═════ Records ═════
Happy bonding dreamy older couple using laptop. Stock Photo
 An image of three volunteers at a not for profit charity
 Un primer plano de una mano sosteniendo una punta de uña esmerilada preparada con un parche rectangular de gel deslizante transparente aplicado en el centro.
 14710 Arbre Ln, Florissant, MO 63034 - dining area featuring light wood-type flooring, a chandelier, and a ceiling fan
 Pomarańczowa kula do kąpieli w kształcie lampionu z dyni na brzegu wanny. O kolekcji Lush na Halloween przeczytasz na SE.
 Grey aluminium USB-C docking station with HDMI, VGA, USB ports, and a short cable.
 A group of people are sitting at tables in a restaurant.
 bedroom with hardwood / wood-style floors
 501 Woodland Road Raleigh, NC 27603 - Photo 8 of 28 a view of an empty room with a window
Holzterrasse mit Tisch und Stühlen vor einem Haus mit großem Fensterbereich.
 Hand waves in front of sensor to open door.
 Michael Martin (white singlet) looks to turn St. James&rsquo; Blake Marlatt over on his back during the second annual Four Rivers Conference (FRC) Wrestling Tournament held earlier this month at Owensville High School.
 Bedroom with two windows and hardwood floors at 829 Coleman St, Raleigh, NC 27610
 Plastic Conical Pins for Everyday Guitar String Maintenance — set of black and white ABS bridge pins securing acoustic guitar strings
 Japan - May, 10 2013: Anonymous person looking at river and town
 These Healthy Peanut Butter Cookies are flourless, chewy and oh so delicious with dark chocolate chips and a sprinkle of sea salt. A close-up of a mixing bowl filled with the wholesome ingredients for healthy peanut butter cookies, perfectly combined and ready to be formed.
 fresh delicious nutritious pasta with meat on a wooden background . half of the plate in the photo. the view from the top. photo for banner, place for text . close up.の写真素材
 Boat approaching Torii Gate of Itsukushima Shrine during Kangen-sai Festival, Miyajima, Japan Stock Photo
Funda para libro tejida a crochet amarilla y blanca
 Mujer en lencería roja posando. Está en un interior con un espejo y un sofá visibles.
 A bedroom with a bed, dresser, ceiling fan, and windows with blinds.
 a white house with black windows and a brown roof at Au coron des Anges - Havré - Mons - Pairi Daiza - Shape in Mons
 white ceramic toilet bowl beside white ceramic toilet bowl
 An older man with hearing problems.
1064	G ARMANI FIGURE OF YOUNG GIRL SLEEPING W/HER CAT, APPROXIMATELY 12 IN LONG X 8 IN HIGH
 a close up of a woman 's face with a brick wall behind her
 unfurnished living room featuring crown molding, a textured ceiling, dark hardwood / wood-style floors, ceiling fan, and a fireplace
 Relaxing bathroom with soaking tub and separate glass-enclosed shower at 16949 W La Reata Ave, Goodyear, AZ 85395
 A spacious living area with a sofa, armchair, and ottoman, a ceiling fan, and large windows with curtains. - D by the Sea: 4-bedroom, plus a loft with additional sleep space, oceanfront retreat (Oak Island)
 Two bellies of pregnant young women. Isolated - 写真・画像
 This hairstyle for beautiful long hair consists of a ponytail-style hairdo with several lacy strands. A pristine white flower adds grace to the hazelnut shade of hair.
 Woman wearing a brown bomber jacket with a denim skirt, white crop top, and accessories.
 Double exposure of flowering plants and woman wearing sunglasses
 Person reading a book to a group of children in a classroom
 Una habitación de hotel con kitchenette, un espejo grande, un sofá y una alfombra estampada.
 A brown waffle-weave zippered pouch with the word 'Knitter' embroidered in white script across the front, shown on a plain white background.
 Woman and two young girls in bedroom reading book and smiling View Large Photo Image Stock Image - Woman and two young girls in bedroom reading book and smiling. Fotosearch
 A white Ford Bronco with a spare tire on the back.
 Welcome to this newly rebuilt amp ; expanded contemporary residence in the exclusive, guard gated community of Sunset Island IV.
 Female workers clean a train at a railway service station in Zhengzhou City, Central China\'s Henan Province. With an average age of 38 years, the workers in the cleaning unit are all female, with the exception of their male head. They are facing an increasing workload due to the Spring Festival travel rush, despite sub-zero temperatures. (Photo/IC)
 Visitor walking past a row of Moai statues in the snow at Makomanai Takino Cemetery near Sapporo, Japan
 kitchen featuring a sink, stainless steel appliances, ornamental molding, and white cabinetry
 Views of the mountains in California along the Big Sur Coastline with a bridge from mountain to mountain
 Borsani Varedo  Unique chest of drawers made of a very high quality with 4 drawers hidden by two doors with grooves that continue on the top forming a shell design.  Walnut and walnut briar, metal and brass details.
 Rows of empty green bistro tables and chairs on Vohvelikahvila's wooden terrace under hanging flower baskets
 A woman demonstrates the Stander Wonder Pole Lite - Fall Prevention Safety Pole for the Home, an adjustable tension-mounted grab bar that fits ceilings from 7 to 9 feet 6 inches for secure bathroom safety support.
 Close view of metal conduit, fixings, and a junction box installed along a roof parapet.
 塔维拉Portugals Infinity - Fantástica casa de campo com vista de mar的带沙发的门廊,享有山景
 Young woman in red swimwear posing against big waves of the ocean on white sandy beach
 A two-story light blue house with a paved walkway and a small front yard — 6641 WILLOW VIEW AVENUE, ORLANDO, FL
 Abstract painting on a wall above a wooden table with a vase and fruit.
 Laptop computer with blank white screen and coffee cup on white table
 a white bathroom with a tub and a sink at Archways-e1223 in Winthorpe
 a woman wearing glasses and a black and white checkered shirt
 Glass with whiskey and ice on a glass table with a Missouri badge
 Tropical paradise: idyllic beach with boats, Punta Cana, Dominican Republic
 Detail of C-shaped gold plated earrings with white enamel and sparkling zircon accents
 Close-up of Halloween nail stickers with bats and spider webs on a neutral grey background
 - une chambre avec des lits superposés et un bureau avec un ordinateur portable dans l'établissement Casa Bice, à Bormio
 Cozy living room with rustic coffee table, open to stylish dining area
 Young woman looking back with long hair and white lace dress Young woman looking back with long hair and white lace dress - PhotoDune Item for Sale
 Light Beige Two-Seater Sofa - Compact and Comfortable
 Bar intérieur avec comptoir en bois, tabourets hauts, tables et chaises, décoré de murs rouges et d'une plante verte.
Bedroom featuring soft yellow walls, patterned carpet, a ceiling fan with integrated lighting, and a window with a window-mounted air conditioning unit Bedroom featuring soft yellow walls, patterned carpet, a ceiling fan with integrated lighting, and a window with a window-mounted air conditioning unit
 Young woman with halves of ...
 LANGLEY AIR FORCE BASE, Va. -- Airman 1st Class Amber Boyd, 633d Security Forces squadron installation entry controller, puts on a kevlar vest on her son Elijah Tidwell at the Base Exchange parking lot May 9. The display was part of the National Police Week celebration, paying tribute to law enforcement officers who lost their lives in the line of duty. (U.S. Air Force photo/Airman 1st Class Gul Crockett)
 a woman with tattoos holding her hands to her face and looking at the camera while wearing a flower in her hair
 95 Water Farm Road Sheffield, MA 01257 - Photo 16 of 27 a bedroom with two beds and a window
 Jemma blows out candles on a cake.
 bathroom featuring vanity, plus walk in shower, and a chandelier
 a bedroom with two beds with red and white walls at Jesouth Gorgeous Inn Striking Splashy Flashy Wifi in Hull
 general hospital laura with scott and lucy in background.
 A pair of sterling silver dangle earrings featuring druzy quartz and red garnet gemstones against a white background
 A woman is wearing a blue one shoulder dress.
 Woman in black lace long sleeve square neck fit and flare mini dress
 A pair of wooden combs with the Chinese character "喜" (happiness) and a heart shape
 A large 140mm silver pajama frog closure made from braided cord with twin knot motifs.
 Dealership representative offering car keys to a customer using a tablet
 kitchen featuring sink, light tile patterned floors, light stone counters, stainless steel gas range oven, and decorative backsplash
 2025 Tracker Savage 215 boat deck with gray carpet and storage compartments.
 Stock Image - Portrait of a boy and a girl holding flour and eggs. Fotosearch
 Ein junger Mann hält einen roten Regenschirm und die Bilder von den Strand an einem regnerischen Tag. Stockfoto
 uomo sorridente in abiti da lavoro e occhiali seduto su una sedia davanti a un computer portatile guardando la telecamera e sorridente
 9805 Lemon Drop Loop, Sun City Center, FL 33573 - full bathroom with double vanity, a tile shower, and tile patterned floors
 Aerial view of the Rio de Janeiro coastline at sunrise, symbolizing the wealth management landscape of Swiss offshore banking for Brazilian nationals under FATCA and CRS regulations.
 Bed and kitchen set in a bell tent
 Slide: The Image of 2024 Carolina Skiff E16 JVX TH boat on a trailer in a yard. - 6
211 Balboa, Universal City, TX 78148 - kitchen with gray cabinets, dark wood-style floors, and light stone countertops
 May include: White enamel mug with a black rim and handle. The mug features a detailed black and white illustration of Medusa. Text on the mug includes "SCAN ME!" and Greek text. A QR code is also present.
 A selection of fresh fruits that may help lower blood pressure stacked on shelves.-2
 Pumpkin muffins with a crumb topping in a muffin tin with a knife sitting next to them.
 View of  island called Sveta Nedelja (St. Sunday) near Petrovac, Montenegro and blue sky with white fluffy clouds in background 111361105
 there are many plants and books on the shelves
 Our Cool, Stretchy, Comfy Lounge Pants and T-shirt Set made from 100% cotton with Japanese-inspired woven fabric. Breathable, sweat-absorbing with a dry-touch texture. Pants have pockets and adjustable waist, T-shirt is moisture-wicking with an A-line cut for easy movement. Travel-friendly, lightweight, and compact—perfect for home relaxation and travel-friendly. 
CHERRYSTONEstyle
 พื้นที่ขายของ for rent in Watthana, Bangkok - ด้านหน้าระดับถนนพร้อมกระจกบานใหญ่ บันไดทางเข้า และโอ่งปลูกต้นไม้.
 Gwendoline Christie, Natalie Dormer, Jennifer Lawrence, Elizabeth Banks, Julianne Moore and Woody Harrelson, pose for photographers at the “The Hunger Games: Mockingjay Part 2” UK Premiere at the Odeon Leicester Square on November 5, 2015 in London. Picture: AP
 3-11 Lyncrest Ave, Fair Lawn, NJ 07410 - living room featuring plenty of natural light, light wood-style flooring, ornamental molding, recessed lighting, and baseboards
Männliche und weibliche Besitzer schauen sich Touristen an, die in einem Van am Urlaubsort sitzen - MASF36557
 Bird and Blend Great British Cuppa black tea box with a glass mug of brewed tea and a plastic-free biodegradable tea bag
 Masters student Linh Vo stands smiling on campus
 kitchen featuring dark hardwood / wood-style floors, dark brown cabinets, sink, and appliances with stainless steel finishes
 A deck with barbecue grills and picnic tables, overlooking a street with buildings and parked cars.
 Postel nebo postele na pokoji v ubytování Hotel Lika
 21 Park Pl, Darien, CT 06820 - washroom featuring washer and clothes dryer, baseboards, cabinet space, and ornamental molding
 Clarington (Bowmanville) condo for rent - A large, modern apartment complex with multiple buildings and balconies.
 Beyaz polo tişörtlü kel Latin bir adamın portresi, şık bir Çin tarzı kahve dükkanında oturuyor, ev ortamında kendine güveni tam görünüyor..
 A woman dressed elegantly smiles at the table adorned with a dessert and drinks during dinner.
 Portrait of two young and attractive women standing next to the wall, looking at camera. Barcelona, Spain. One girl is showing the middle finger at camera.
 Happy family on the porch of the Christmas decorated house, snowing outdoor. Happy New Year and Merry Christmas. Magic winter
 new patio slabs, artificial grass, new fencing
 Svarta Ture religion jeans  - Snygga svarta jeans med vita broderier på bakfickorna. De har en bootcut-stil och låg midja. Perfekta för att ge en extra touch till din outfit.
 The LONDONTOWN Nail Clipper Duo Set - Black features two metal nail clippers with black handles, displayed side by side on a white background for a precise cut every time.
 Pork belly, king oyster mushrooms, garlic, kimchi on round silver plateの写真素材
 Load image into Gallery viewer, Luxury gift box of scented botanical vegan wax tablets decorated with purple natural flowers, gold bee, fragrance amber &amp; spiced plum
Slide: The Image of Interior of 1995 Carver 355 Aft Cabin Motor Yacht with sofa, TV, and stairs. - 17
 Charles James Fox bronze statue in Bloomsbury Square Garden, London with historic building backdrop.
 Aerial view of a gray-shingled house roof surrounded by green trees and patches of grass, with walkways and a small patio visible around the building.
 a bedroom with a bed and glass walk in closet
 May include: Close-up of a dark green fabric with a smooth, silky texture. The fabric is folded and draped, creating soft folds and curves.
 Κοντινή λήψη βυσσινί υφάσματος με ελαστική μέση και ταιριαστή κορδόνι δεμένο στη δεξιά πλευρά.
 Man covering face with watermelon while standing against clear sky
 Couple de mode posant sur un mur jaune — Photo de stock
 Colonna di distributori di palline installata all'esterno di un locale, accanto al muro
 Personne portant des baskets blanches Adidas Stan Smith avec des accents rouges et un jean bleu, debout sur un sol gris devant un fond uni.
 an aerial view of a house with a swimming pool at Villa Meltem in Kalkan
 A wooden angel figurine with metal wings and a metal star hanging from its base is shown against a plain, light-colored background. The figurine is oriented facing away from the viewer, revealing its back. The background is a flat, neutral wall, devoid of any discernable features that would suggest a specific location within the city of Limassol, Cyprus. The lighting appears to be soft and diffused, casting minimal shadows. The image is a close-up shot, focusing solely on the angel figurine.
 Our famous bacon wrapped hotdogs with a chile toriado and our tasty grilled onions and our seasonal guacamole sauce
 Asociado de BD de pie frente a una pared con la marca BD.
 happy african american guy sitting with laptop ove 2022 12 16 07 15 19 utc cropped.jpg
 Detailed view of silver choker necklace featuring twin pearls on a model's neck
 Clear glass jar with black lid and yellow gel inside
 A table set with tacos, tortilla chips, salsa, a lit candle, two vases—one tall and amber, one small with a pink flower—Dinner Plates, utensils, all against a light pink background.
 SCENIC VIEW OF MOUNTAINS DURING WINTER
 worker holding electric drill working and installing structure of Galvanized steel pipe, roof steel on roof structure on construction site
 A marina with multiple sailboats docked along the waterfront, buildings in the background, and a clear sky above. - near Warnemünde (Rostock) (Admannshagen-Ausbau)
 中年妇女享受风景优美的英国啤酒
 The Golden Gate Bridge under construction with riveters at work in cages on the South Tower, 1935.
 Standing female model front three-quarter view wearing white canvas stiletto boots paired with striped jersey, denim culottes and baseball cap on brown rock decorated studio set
═════
# What the task requires
Retype exactly the lines from the start of the entries through the one with "a white house"; include both ends.

# Reply to the exercise
Happy bonding dreamy older couple using laptop. Stock Photo
 An image of three volunteers at a not for profit charity
 Un primer plano de una mano sosteniendo una punta de uña esmerilada preparada con un parche rectangular de gel deslizante transparente aplicado en el centro.
 14710 Arbre Ln, Florissant, MO 63034 - dining area featuring light wood-type flooring, a chandelier, and a ceiling fan
 Pomarańczowa kula do kąpieli w kształcie lampionu z dyni na brzegu wanny. O kolekcji Lush na Halloween przeczytasz na SE.
 Grey aluminium USB-C docking station with HDMI, VGA, USB ports, and a short cable.
 A group of people are sitting at tables in a restaurant.
 bedroom with hardwood / wood-style floors
 501 Woodland Road Raleigh, NC 27603 - Photo 8 of 28 a view of an empty room with a window
Holzterrasse mit Tisch und Stühlen vor einem Haus mit großem Fensterbereich.
 Hand waves in front of sensor to open door.
 Michael Martin (white singlet) looks to turn St. James&rsquo; Blake Marlatt over on his back during the second annual Four Rivers Conference (FRC) Wrestling Tournament held earlier this month at Owensville High School.
 Bedroom with two windows and hardwood floors at 829 Coleman St, Raleigh, NC 27610
 Plastic Conical Pins for Everyday Guitar String Maintenance — set of black and white ABS bridge pins securing acoustic guitar strings
 Japan - May, 10 2013: Anonymous person looking at river and town
 These Healthy Peanut Butter Cookies are flourless, chewy and oh so delicious with dark chocolate chips and a sprinkle of sea salt. A close-up of a mixing bowl filled with the wholesome ingredients for healthy peanut butter cookies, perfectly combined and ready to be formed.
 fresh delicious nutritious pasta with meat on a wooden background . half of the plate in the photo. the view from the top. photo for banner, place for text . close up.の写真素材
 Boat approaching Torii Gate of Itsukushima Shrine during Kangen-sai Festival, Miyajima, Japan Stock Photo
Funda para libro tejida a crochet amarilla y blanca
 Mujer en lencería roja posando. Está en un interior con un espejo y un sofá visibles.
 A bedroom with a bed, dresser, ceiling fan, and windows with blinds.
 a white house with black windows and a brown roof at Au coron des Anges - Havré - Mons - Pairi Daiza - Shape in Mons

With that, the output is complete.